TASK DETAILS: Pictures excluded, copy word for word the lines from the one holding "Senate Judiciary Democrats" through the last line below.

LISTED ENTRIES:
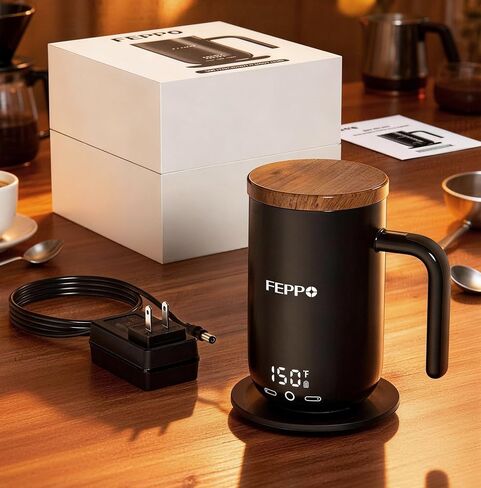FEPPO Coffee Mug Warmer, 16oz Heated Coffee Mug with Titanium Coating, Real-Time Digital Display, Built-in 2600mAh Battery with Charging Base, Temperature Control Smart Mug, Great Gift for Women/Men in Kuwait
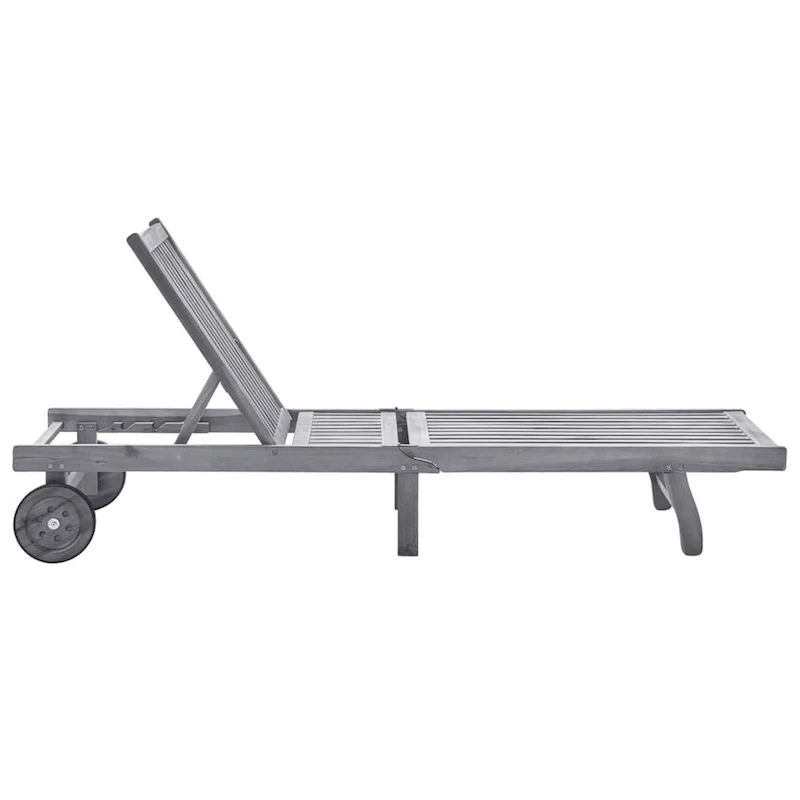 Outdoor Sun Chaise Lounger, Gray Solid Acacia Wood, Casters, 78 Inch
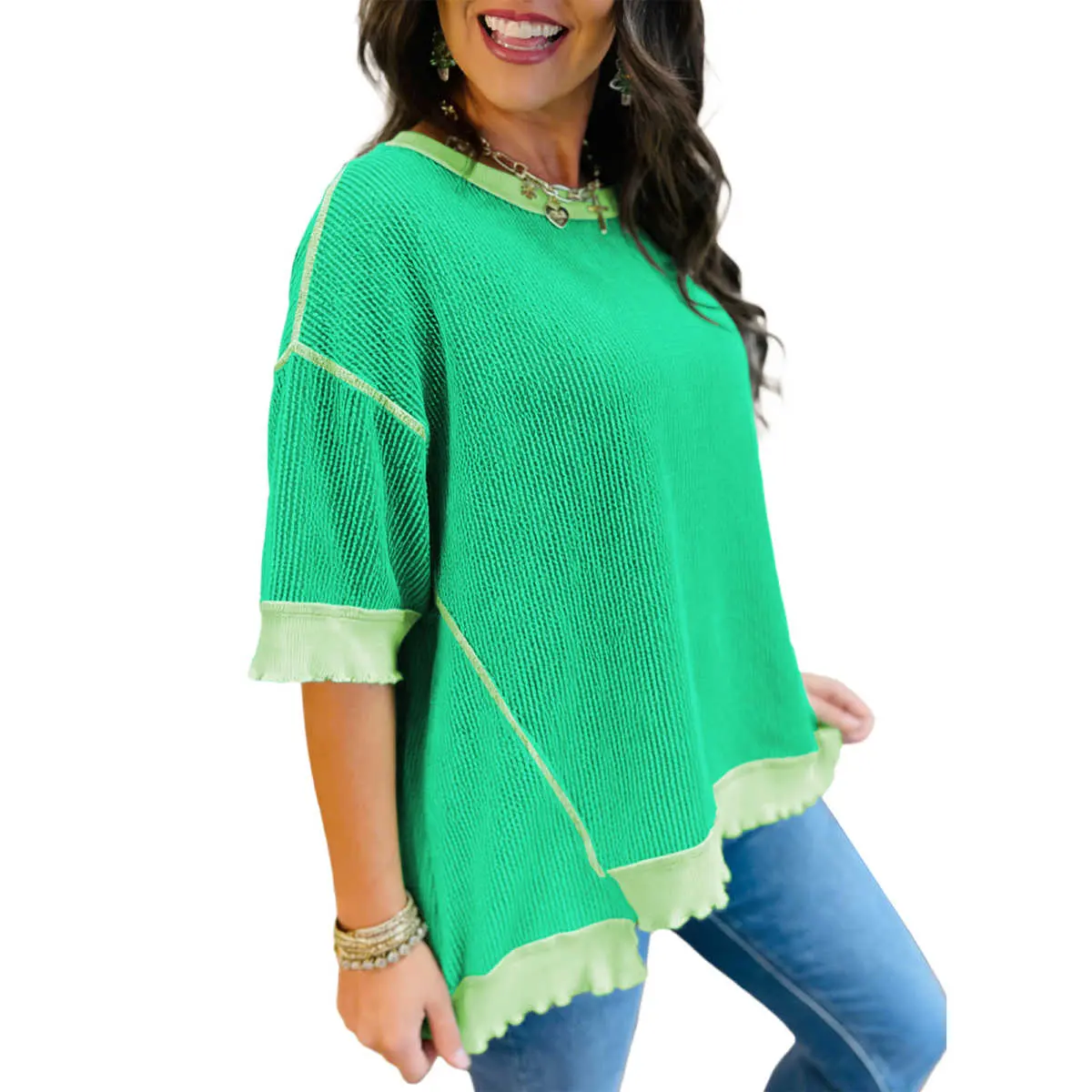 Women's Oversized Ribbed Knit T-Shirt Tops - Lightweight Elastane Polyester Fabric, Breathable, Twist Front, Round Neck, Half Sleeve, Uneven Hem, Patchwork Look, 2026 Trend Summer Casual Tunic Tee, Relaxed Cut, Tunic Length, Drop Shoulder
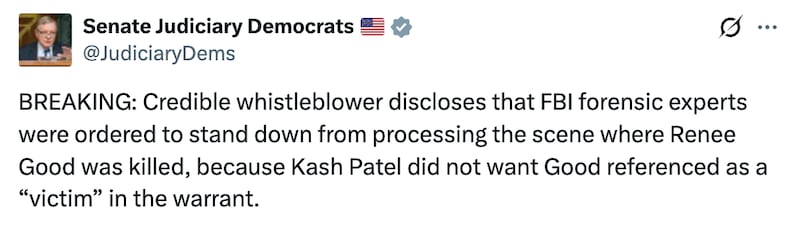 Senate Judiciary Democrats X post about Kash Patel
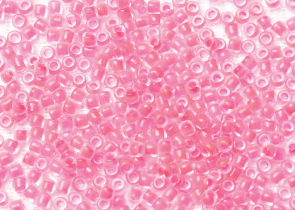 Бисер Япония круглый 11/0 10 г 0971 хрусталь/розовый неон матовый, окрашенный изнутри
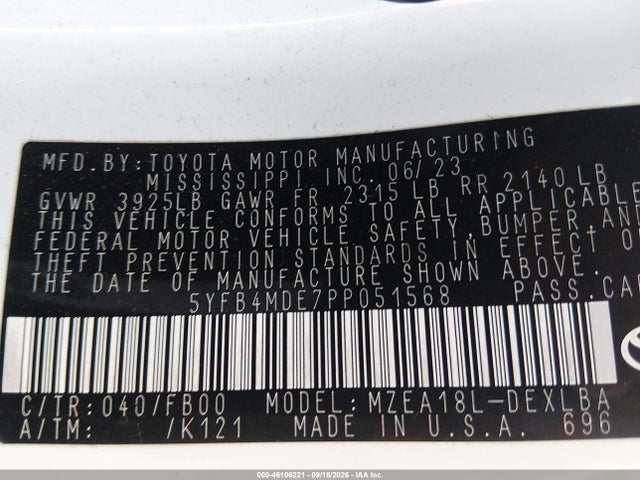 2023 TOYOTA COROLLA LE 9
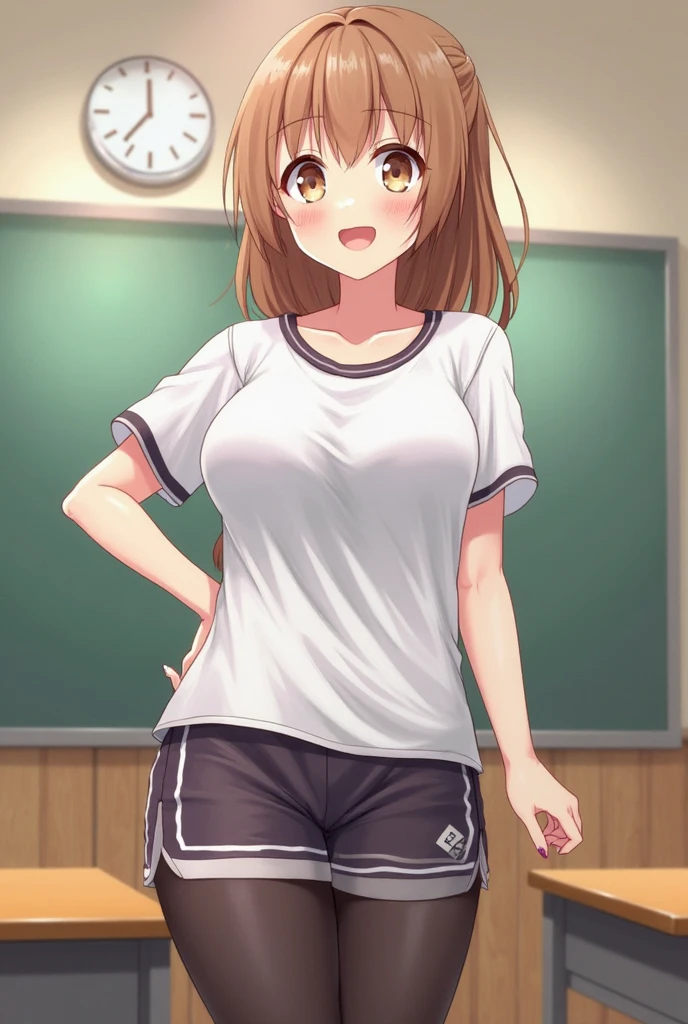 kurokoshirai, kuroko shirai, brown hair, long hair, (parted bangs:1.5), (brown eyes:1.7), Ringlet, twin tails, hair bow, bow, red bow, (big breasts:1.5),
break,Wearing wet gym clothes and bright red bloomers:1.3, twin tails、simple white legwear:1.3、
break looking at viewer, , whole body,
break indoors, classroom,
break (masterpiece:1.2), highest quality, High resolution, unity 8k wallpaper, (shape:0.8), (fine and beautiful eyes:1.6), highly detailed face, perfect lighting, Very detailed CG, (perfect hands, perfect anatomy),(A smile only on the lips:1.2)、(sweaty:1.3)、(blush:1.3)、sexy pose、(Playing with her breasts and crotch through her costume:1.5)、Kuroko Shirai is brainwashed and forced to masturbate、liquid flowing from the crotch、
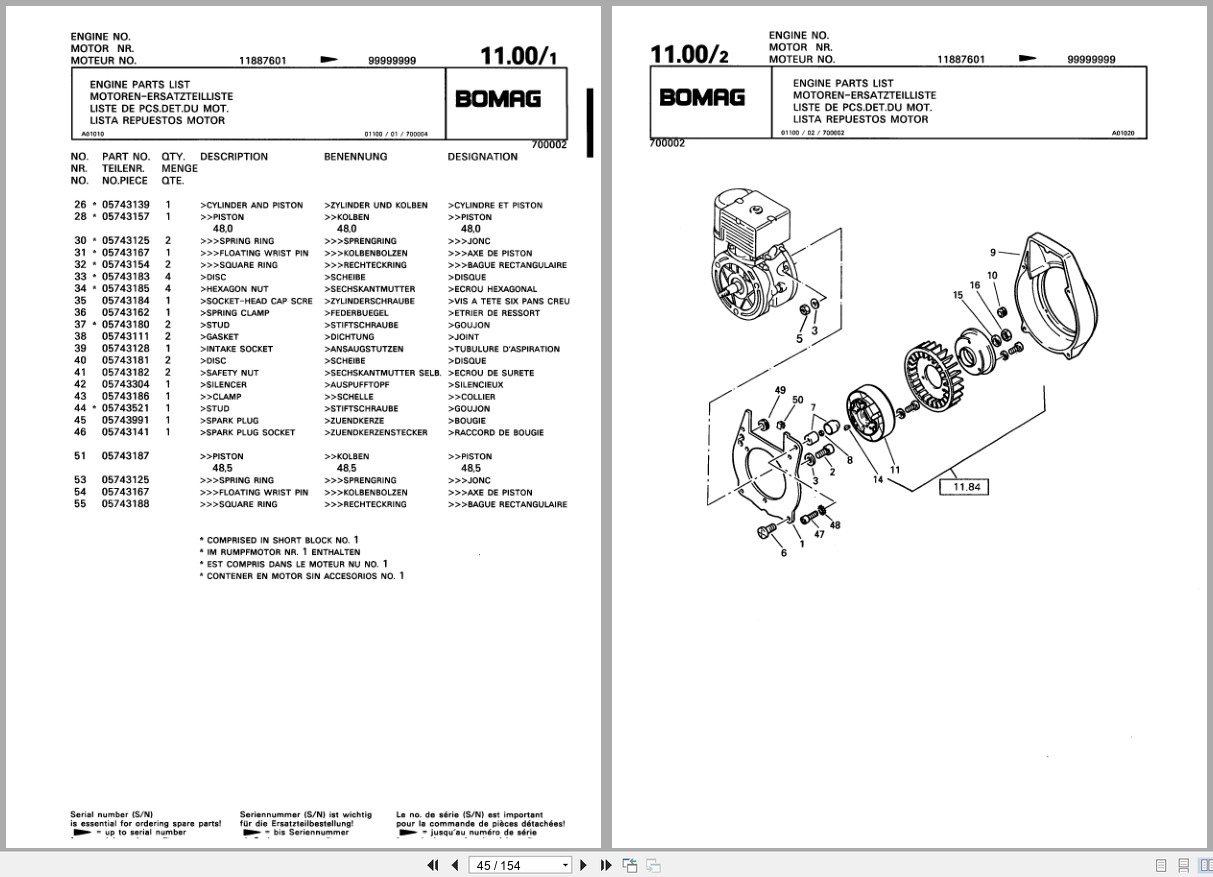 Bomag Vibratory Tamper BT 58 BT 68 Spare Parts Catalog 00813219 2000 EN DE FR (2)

WORKED SOLUTION:
 Senate Judiciary Democrats X post about Kash Patel
 Бисер Япония круглый 11/0 10 г 0971 хрусталь/розовый неон матовый, окрашенный изнутри
 2023 TOYOTA COROLLA LE 9
 kurokoshirai, kuroko shirai, brown hair, long hair, (parted bangs:1.5), (brown eyes:1.7), Ringlet, twin tails, hair bow, bow, red bow, (big breasts:1.5),
break,Wearing wet gym clothes and bright red bloomers:1.3, twin tails、simple white legwear:1.3、
break looking at viewer, , whole body,
break indoors, classroom,
break (masterpiece:1.2), highest quality, High resolution, unity 8k wallpaper, (shape:0.8), (fine and beautiful eyes:1.6), highly detailed face, perfect lighting, Very detailed CG, (perfect hands, perfect anatomy),(A smile only on the lips:1.2)、(sweaty:1.3)、(blush:1.3)、sexy pose、(Playing with her breasts and crotch through her costume:1.5)、Kuroko Shirai is brainwashed and forced to masturbate、liquid flowing from the crotch、
 Bomag Vibratory Tamper BT 58 BT 68 Spare Parts Catalog 00813219 2000 EN DE FR (2)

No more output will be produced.